The results were validated in a data set from 102 patients in Korea with elevated liver enzyme levels or clinically suspected diffuse liver disease, who were referred for liver biopsy between January 2018 and July 2019.

"In this study, we present a score that uses only US-based markers (liver stiffness, attenuation coefficient, and dispersion slope) that can help identify patients with high-risk nonalcoholic steatohepatitis (NASH) who are candidates for inclusion in clinical trials and for pharmacologic therapy," the authors, led by Katsutoshi Sugimoto, MD, PhD, of Tokyo Medical University, wrote in the study. "Our choice of NASH with a nonalcoholic fatty liver disease activity score of greater than or equal to 4 and a fibrosis score of greater than or equal to F2 is based on the literature, including many therapeutic studies showing that the presence of elevated necroinflammatory activity is related to progressive injury and pharmacologic response."

The combination of the three US parameters, which the study authors called the LAD-NASH score, had a positive predictive value of 86.5% (32 of 37) (95% CI: 71.2, 95.5) for identifying patients with high-risk NASH and a negative predictive value of 87.5% 87.5% (35 of 40) (95% CI: 73.2, 95.8) for ruling out high-risk NASH.

The area under receiver operating characteristic (AUC) was 0.86 in the Japan derivation group and 0.88 in the Korea validation group.

"Although the two study samples had significantly different distributions of fibrosis, steatosis, and lobular inflammation activity, as well as different incidence rates of high-risk NASH, the LAD-NASH score was judged to be useful in both samples, providing similar levels of diagnostic performance," the study authors wrote. "We therefore believe that the LAD-NASH score is useful for efficiently identifying patients who are suitable for clinical trials and emerging therapies and can also help to reduce the number of unnecessary liver biopsies."

Strengths of the study included the use of a prospective development population and a validation population from another country and the use of standardized US techniques and histopathologic reference standards, Mark E. Lockhart, MD, MPH, of the University of Alabama, noted in an associated commentary.

"By using the combined scoring system, the results of this research infer that 59% of liver biopsies could have been avoided and this represents a higher level of performance than the previously published Fibroscan-AST algorithm," Lockhart wrote.
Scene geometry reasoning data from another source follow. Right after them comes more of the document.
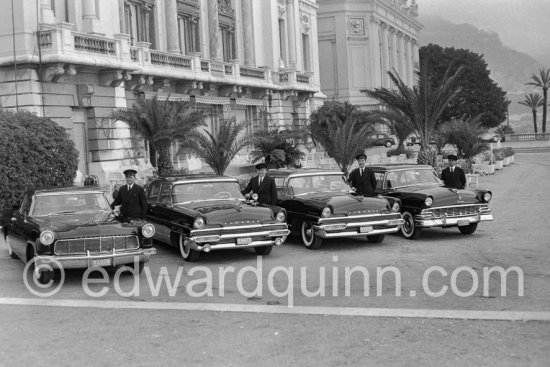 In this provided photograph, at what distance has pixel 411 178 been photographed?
16047 millimetres

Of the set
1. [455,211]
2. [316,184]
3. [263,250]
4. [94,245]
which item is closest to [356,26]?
[316,184]

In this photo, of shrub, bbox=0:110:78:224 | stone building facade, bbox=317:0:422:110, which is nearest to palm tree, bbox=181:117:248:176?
shrub, bbox=0:110:78:224

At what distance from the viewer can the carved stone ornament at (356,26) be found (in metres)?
69.9

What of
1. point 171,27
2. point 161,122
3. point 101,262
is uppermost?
point 171,27

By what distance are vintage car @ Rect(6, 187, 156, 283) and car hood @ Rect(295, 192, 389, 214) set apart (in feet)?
12.4

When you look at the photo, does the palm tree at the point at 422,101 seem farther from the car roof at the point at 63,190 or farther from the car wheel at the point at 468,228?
the car roof at the point at 63,190

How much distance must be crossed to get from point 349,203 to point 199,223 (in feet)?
10.3

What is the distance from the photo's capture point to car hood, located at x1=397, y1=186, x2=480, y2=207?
47.6 ft

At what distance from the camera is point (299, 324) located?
7918mm

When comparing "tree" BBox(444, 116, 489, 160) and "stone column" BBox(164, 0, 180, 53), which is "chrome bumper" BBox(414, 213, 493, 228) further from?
"tree" BBox(444, 116, 489, 160)

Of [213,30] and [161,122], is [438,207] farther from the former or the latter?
[213,30]

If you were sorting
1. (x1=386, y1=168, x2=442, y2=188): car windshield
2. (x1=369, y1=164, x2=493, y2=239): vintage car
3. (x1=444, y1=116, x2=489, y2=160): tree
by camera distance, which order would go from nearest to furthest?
(x1=369, y1=164, x2=493, y2=239): vintage car
(x1=386, y1=168, x2=442, y2=188): car windshield
(x1=444, y1=116, x2=489, y2=160): tree

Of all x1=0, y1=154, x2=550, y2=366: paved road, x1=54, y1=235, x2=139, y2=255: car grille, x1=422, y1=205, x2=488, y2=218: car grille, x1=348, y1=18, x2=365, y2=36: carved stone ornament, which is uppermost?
x1=348, y1=18, x2=365, y2=36: carved stone ornament

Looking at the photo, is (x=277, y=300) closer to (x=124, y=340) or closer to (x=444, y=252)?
(x=124, y=340) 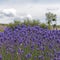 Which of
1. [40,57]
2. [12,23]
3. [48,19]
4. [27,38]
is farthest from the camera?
[48,19]

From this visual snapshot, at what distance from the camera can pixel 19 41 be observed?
6016mm

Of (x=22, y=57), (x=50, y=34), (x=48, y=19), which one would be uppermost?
(x=50, y=34)

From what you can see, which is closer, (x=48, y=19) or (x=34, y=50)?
(x=34, y=50)

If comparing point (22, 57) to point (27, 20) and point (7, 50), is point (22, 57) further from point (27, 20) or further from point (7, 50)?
point (27, 20)

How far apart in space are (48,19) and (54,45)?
4656 cm

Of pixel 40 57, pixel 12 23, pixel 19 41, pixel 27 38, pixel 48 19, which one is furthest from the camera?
pixel 48 19

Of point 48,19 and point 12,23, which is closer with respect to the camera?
point 12,23

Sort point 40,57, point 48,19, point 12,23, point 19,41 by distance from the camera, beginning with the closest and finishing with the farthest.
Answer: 1. point 40,57
2. point 19,41
3. point 12,23
4. point 48,19

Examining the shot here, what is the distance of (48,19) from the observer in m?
52.5

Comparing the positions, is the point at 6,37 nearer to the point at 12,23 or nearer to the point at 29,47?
the point at 29,47

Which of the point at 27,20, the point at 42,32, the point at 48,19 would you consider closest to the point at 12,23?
the point at 27,20

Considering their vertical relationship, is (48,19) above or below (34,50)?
below

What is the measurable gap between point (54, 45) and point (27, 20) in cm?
3397

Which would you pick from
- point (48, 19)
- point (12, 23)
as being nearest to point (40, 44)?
point (12, 23) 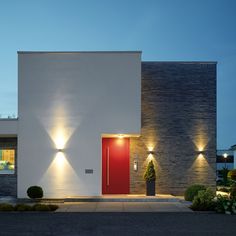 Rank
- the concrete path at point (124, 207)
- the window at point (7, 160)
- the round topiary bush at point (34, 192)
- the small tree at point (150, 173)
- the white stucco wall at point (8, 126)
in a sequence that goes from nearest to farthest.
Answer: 1. the concrete path at point (124, 207)
2. the round topiary bush at point (34, 192)
3. the white stucco wall at point (8, 126)
4. the small tree at point (150, 173)
5. the window at point (7, 160)

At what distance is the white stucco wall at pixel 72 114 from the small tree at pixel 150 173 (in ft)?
6.11

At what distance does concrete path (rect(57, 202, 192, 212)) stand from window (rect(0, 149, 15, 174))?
182 inches

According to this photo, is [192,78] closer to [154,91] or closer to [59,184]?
[154,91]

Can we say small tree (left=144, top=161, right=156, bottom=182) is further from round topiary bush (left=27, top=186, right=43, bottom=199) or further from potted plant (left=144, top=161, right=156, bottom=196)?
round topiary bush (left=27, top=186, right=43, bottom=199)

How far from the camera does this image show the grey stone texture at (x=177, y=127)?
21938 mm

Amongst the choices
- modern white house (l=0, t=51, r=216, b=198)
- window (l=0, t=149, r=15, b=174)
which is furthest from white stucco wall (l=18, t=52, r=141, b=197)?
window (l=0, t=149, r=15, b=174)

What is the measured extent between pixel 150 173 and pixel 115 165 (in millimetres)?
1854

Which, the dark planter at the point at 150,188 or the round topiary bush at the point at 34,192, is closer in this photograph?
the round topiary bush at the point at 34,192

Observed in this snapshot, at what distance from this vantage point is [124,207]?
17828mm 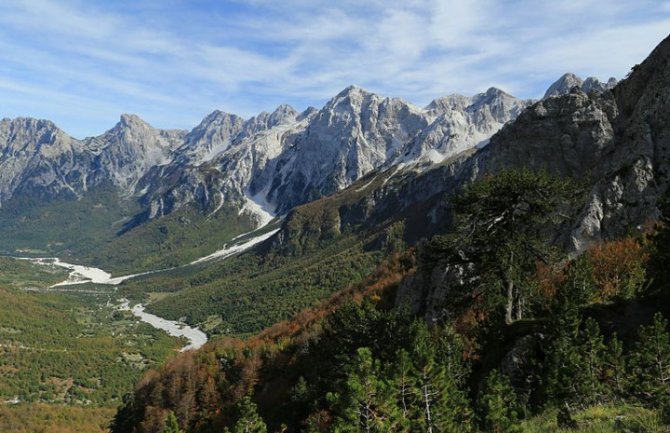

Limitations include that the LAD-NASH score requires a specific US scanner, skilled personnel and a complicated equation.

Larger, multicenter studies are necessary to validate the results.

“(W)e believe that use of the model combining attenuation coefficient, dispersion slope, and liver stiffness for identification of nonalcoholic steatohepatitis (LAD-NASH) score could lead to the more efficient identification of patients with progressive nonalcoholic steatohepatitis who should be considered for further treatment and the LAD-NASH score should be applied to patients with highly suspicious for liver disease, including nonalcoholic fatty liver disease,” the study authors wrote.